Article Text

FRI0538 Evaluation of factors that increase fracture risk in breast cancer
  1. A Anand1,
  2. M Ghafouri2,
  3. M Bukhari1
  1. 1University Hospitals of Morcambe Bay NHS Foundation Trust
  2. 2Lancaster University, Lancaster, United Kingdom


Background Women with breast cancer are at an increased risk of fractures. This is present in patients with both active and treated disease. In addition to established risk factors of fractures, patients with breast cancer are exposed to additional factors that further compromise bone strength. These factors primarily include: the malignancy interfering with bone metabolism and breast cancer treatments inducing bone loss.

Objectives To evaluate fracture risk in active and treated breast cancer patients, and to understand the role bone mineral density (BMD) plays in predicting fracture risk.

Methods The study population included breast cancer patients with active and treated disease referred to dual-energy X-ray absorptiometry (DEXA) scanning at the Royal Lancaster Infirmary between 2004–2015. Patients on aromatase inhibitors were excluded because of its' negative effect on oestrogen.

From this population, we collected BMD measurements of the femur and lumbar vertebra. Alongside information on physical characteristics such as age, height, weight, body mass index (BMI), average tissue thickness, lean and fat mass were measured.

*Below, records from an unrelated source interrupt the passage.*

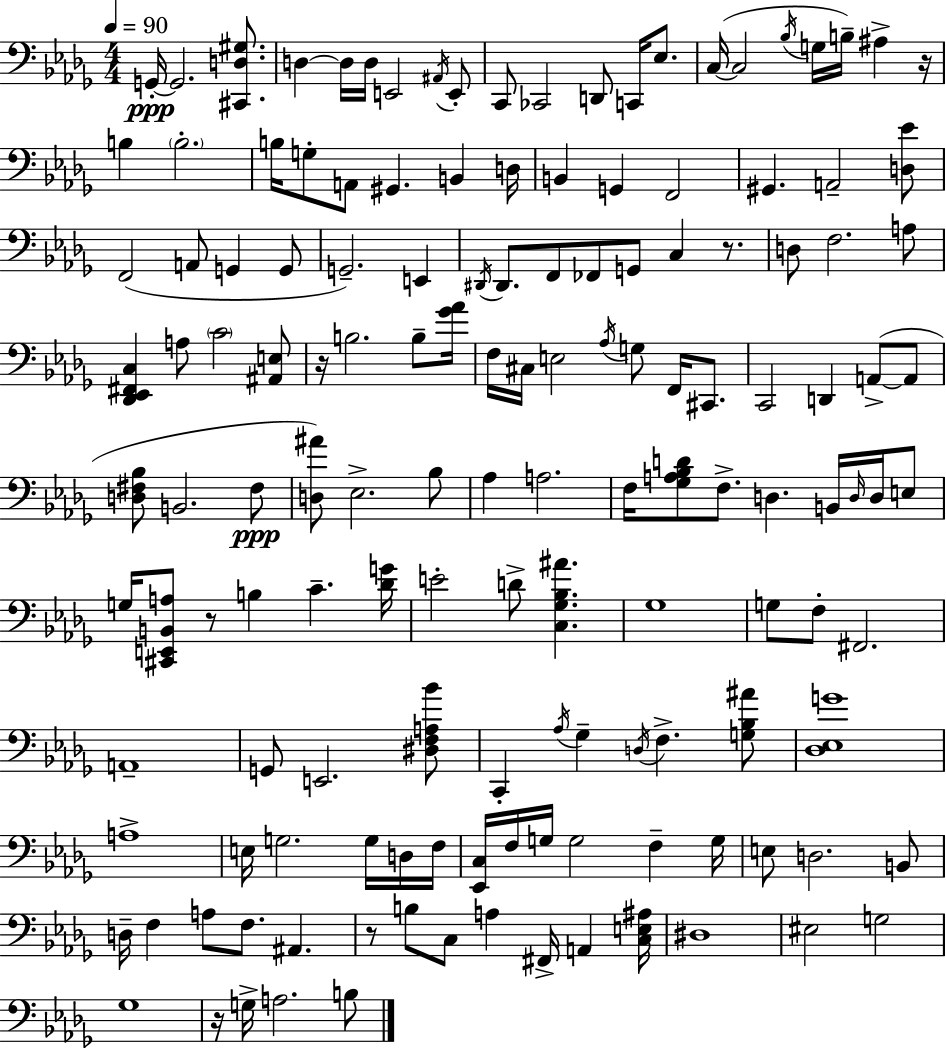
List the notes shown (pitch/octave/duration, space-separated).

G2/s G2/h. [C#2,D3,G#3]/e. D3/q D3/s D3/s E2/h A#2/s E2/e C2/e CES2/h D2/e C2/s Eb3/e. C3/s C3/h Bb3/s G3/s B3/s A#3/q R/s B3/q B3/h. B3/s G3/e A2/e G#2/q. B2/q D3/s B2/q G2/q F2/h G#2/q. A2/h [D3,Eb4]/e F2/h A2/e G2/q G2/e G2/h. E2/q D#2/s D#2/e. F2/e FES2/e G2/e C3/q R/e. D3/e F3/h. A3/e [Db2,Eb2,F#2,C3]/q A3/e C4/h [A#2,E3]/e R/s B3/h. B3/e [Gb4,Ab4]/s F3/s C#3/s E3/h Ab3/s G3/e F2/s C#2/e. C2/h D2/q A2/e A2/e [D3,F#3,Bb3]/e B2/h. F#3/e [D3,A#4]/e Eb3/h. Bb3/e Ab3/q A3/h. F3/s [Gb3,A3,Bb3,D4]/e F3/e. D3/q. B2/s D3/s D3/s E3/e G3/s [C#2,E2,B2,A3]/e R/e B3/q C4/q. [Db4,G4]/s E4/h D4/e [C3,Gb3,Bb3,A#4]/q. Gb3/w G3/e F3/e F#2/h. A2/w G2/e E2/h. [D#3,F3,A3,Bb4]/e C2/q Ab3/s Gb3/q D3/s F3/q. [G3,Bb3,A#4]/e [Db3,Eb3,G4]/w A3/w E3/s G3/h. G3/s D3/s F3/s [Eb2,C3]/s F3/s G3/s G3/h F3/q G3/s E3/e D3/h. B2/e D3/s F3/q A3/e F3/e. A#2/q. R/e B3/e C3/e A3/q F#2/s A2/q [C3,E3,A#3]/s D#3/w EIS3/h G3/h Gb3/w R/s G3/s A3/h. B3/e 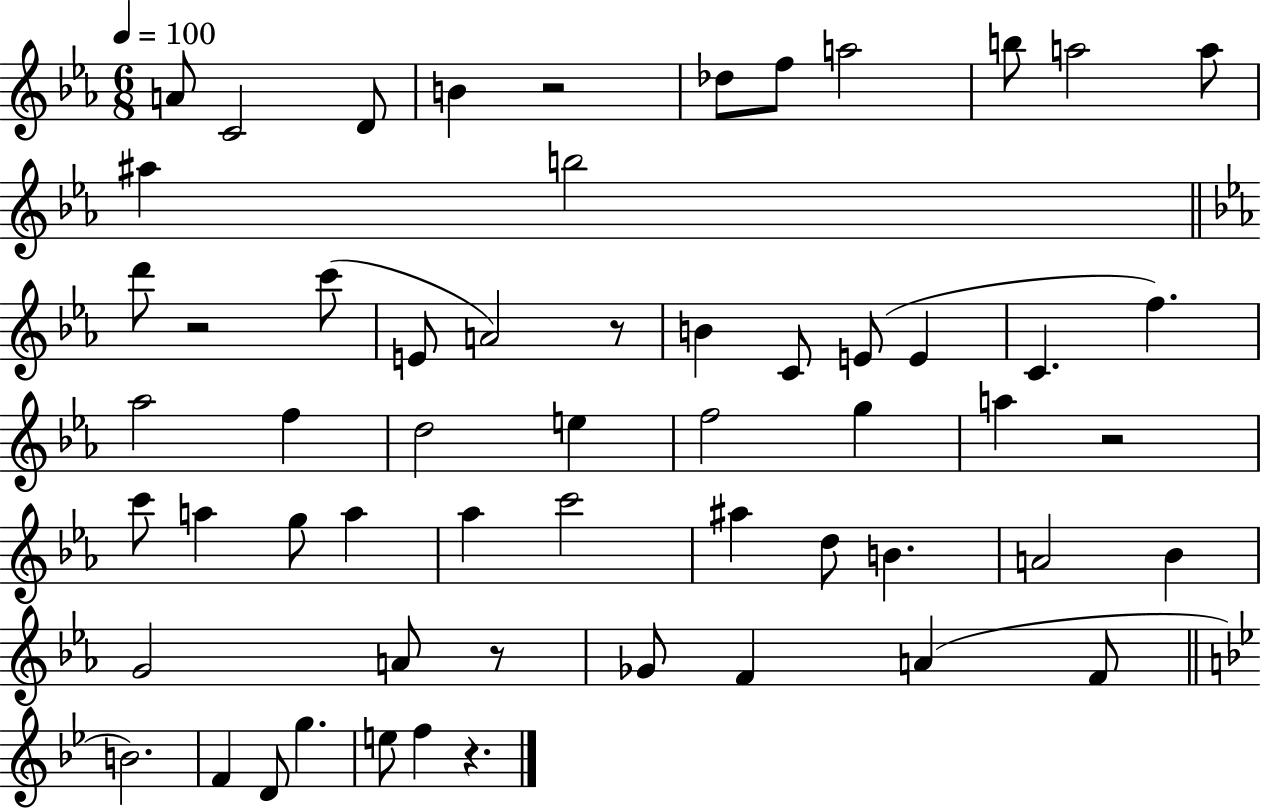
X:1
T:Untitled
M:6/8
L:1/4
K:Eb
A/2 C2 D/2 B z2 _d/2 f/2 a2 b/2 a2 a/2 ^a b2 d'/2 z2 c'/2 E/2 A2 z/2 B C/2 E/2 E C f _a2 f d2 e f2 g a z2 c'/2 a g/2 a _a c'2 ^a d/2 B A2 _B G2 A/2 z/2 _G/2 F A F/2 B2 F D/2 g e/2 f z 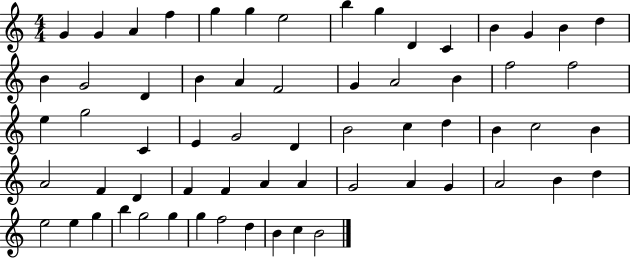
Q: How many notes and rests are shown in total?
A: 63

To evaluate other precipitating factors known to increase fracture risk we included: smoking status, steroids use, alcohol, family history of fractures, diagnosis of rheumatoid arthritis and secondary osteoperosis.

Data analysis was done on R 3.3.2 software. Odds ratios were calculated using logistic regression and age adjusted models were compared using the likelihood ratio test. Categorical data was analysed using Chi squared and Fischer's exact test, while continuous data was analyzed using t-test.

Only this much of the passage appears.